Anti-racism group says the students were kicked out to preserve ‘safe space’
Photo by Haaruun Dhubat/The Ryersonian
Two white students were barred from a meeting of the Racialized Students’ Collective at Ryerson University on March 11.
First-year journalism students Trevor Hewitt and Julia Knope were told that because they were not victims of racialization, they were not allowed to stay in the meeting room and report on the event.
Hewitt and Knope said they made eye contact with an unidentified woman who appeared to be setting up for the event. She approached Hewitt and Knope and asked if they had ever been racialized.
Hewitt said he then told the woman he wanted to cover the meeting for an assignment.

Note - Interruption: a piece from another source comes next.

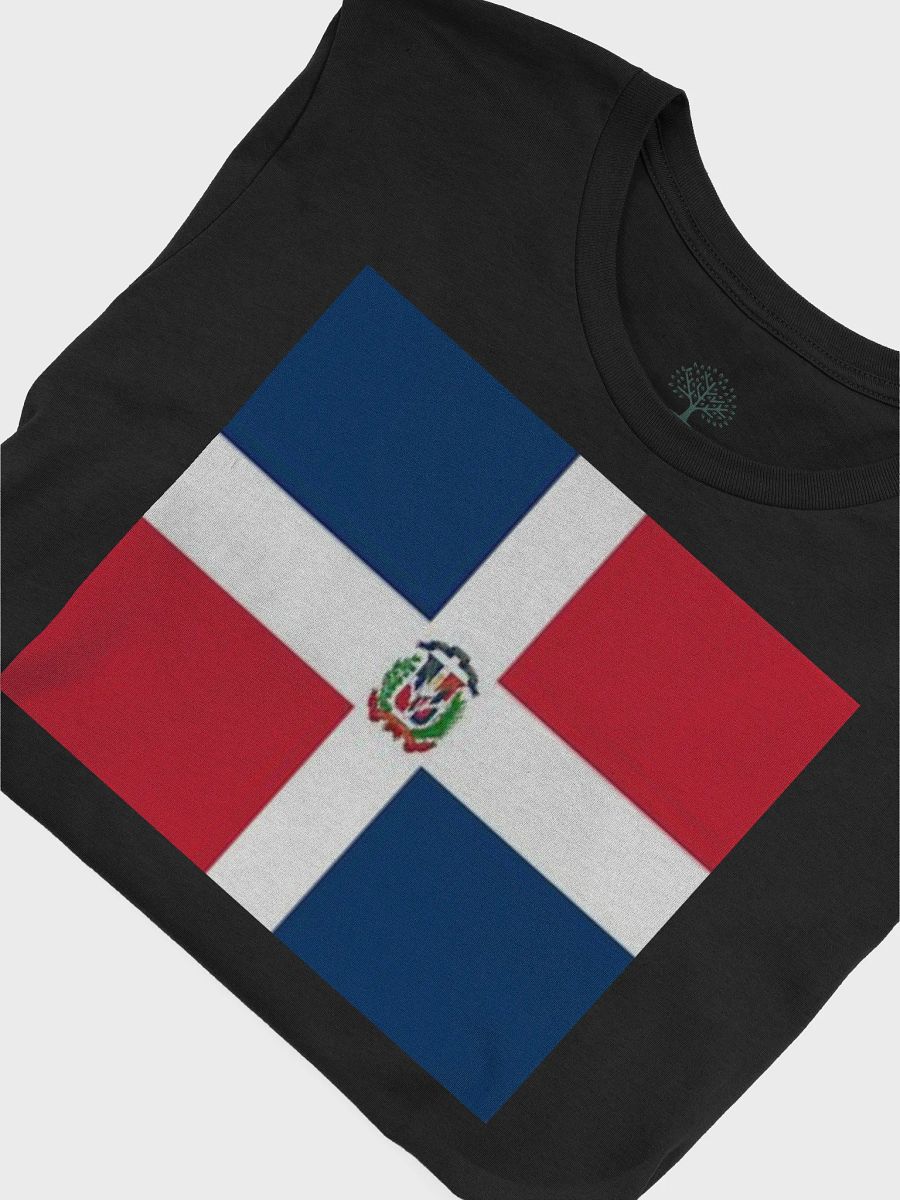 Exclusive Dominican Republic Flag Graphic Tee by Graphic Grove - Unisex product image (7)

He said the woman told him that because he was not a racialized student, he could not sit in on the meeting. Hewitt and Knope then left the room.
“It felt really bad… kind of embarrassing,” Knope said. “If their goal in these meetings was to end racialization then it needs to be something everybody is involved in. If some people are causing the problems, they need to know. Grouping yourself off … is not going to accomplish anything.”
The Racialized Students’ Collective is part of the Ryerson Students’ Union (RSU). Its website states that the group aims to “oppose all forms of racism and work towards community wellness for students,” and that they focus on “building an anti-racist network” and “fostering an anti-racist environment through campus-wide services, campaigns and events.”
Knope said while she understands they are a support group for each other and don’t want others there, she doesn’t understand why the events are then listed as public and as an RSU campaign.
“It seemed really ironic to me that the meeting was about racialization and they were prohibiting certain people from entering,” she said.
“Right now it’s almost like they’re suggesting they can make racialization go away (and that) if everyone who has been racialized just talks … it will magically go away,” Hewitt added.
RSU coordinator Vajdaan Tanveer told the Ryersonian that members of the collective have requested a safe space on campus where they can have an open conversation.
“We don’t want (racialized) students to feel intimidated, that they can’t speak their mind because they are afraid of being judged or something they say might be used against them,” he said.
Similarly divisive sentiment caused an uproar at the University of Ottawa last spring when the student federation’s In My Skin campaign held an event that divided attendees into groups of white and non-white students.
Asked about Hewitt and Knope’s incident, Tanveer confirmed they couldn’t attend the meeting because they are white.
“In terms of educating, we have some events for the public,” he said. “We use the opportunity to tell them about the work and how they can get involved.”